UK's new Health Literacy Project involves several components including a new consumer-driven health benefit option in addition to the traditional HMO and PPO; pharmaceutical counseling; behavioral lifestyle counseling; and a major communication effort to educate the university community about health benefits and how to best select the various plan options.

"We will ask our employees to become more involved in their health care, empower them to make decisions that improve their health and reward them financially for doing so," Todd said.

University officials said they know of no other institution bringing together the components of consumer-driven health plans, prescription drug counseling, behavioral lifestyle counseling, and in-depth education in an effort to confront the rising cost of health insurance.

The university is partnering with the administrators of its self-funded health benefits plans, Humana and CHA Health, to provide new consumer-driven health plans. The new plans will be supported by an extensive educational effort.

An online program will help participants choose the best plan to suit their needs. Based on responses to questions, the program will provide a ranking of the plans and information for comparison of all plans. This assessment program will be piloted over the next two months and available to all participants by early 2003, prior to UK's benefits enrollment period which begins in April.

"We strongly believe that this forward-thinking focus on consumerism is a component that is extremely vital to maintaining the affordability and access to health care for both the employer and employees," said Rick Remmers, CEO, Humana-Kentucky.

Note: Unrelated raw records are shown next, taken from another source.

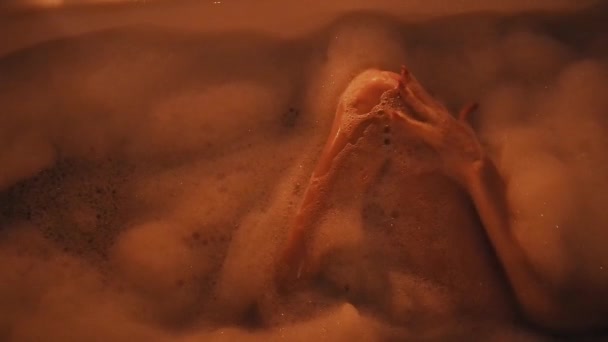 Naga brunetka dziewczyna seksualnie pieszczoty jej nogi i cieszy się w łazience z pianki z kieliszkami szampana — Wideo stockowe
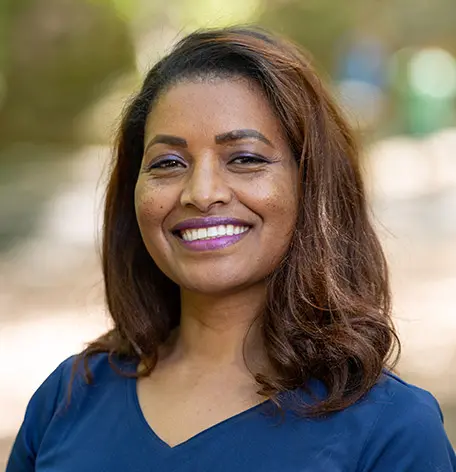 Head shot of Beth, Dental Assistant, smiling warmly in blue uniform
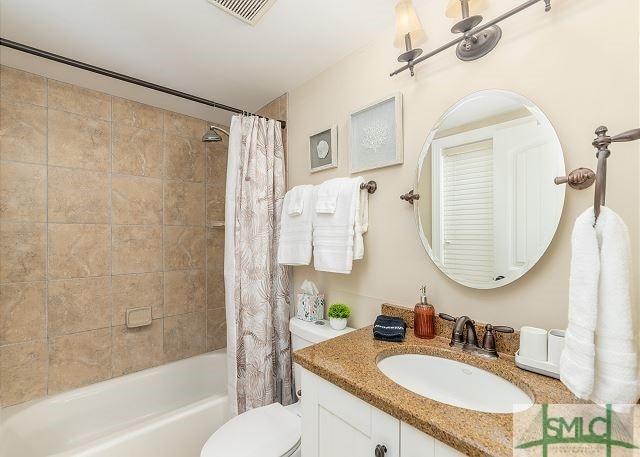 full bathroom featuring toilet, shower / bathtub combination with curtain, vanity, and visible vents
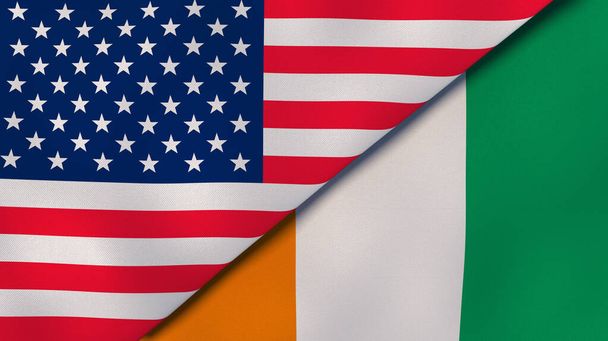 Δύο σημαίες των Ηνωμένων Πολιτειών και της Ακτής Ελεφαντοστού. Επαγγελματικό υπόβαθρο υψηλής ποιότητας. 3D εικονογράφηση - Φωτογραφία, εικόνα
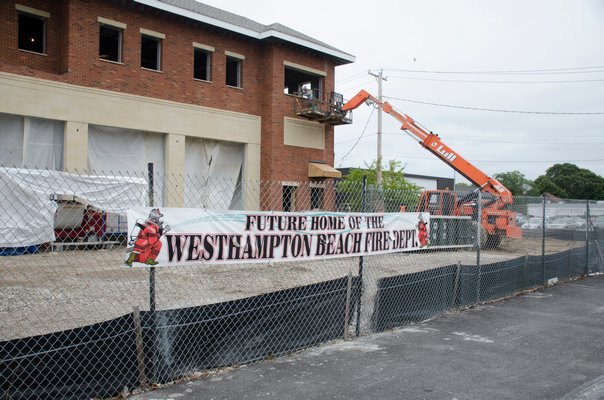 Construction crews work on the the new Westhampton Beach firehouse that is located on Sunset Avenue. GREG WEHNER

"CHA Health welcomes the opportunity to offer University of Kentucky employees consumer-focused technology and a pro-active approach to health care. This is a foundation for the university and CHA Health to continue collaboration on the development of high quality, cost effective health benefits," added Mark Birdwhistell, CEO, CHA Health.

The Health Literacy Project also will keep participants informed about all their benefits options as well as opportunities to improve their own health.

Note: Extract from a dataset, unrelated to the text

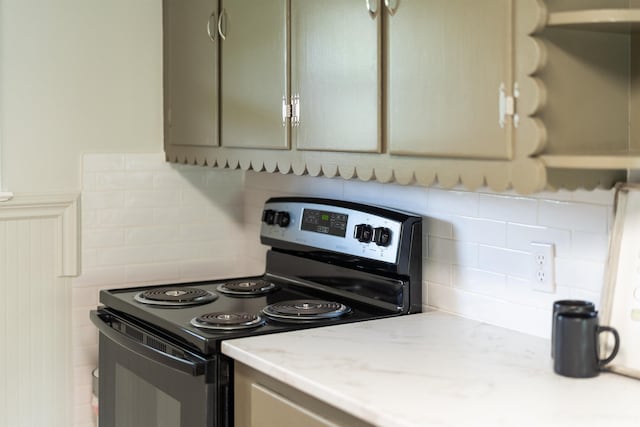 kitchen with electric range oven, decorative backsplash, and light stone countertops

The rising cost of pharmaceutical drugs has prompted the UK College of Pharmacy and the Kentucky Clinic Pharmacy to offer new programs to help relieve the financial burden for many employees and retirees.

The College of Pharmacy will offer a unique service called "co-pay counseling." A registered pharmacist will analyze a patient's prescriptions and determine if a less expensive generic drug could be used just as effectively. The pharmacist then makes that recommendation to the prescribing physician or health care provider.

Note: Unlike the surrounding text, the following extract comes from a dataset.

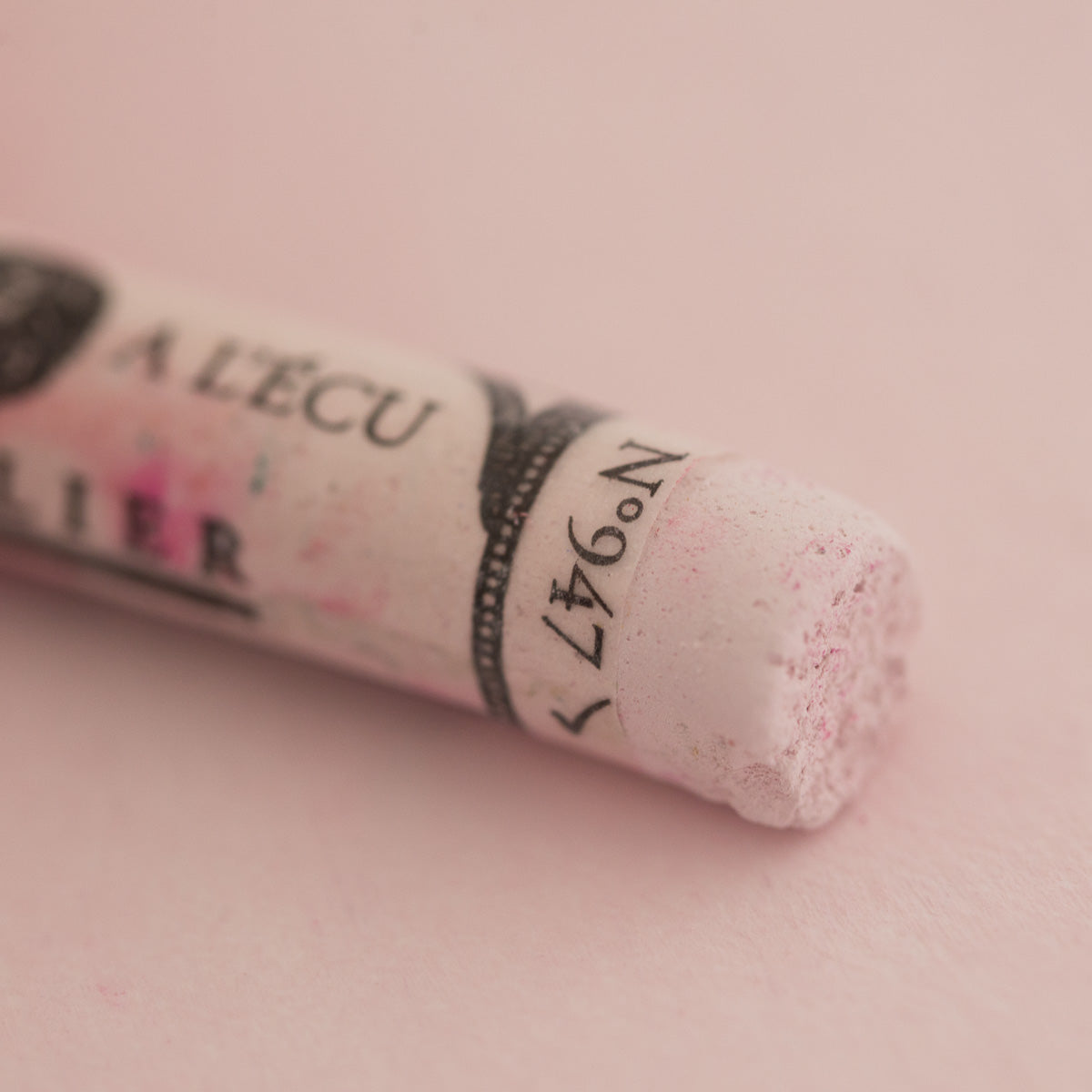 A close-up of a white Sennelier extra soft pastel. on the same coloured background, with the colour information printed on the paper wrap.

Also, three months of maintenance medication is available for the cost of a two months' supply at the Kentucky Clinic Pharmacy. Other pharmacy outreach programs are planned for the future.
Another component of the Health Literacy Project is a new service offered by the UK Wellness Program called BeH.I.P. (Health Improvement Plan). It targets seven high risk conditions like tobacco use, sedentary behavior and diabetes, and provides written materials as well as ongoing personal counseling for healthier lifestyle changes. UK employees and retirees may enroll in BeH.I.P. on their own, or physicians may prescribe the BeH.I.P. program.

"It is our hope that after the success of the Health Literacy Project is established at UK, this initiative eventually can be applied broadly in the Commonwealth in such a way as to influence and improve the health of all of Kentucky's citizens," Todd said.

The Health Literacy Project is an outgrowth of recommendations by the University's Health Benefits Task Force, appointed soon after Todd became president in July 2001.

A Web site will provide more in-depth information in coming weeks.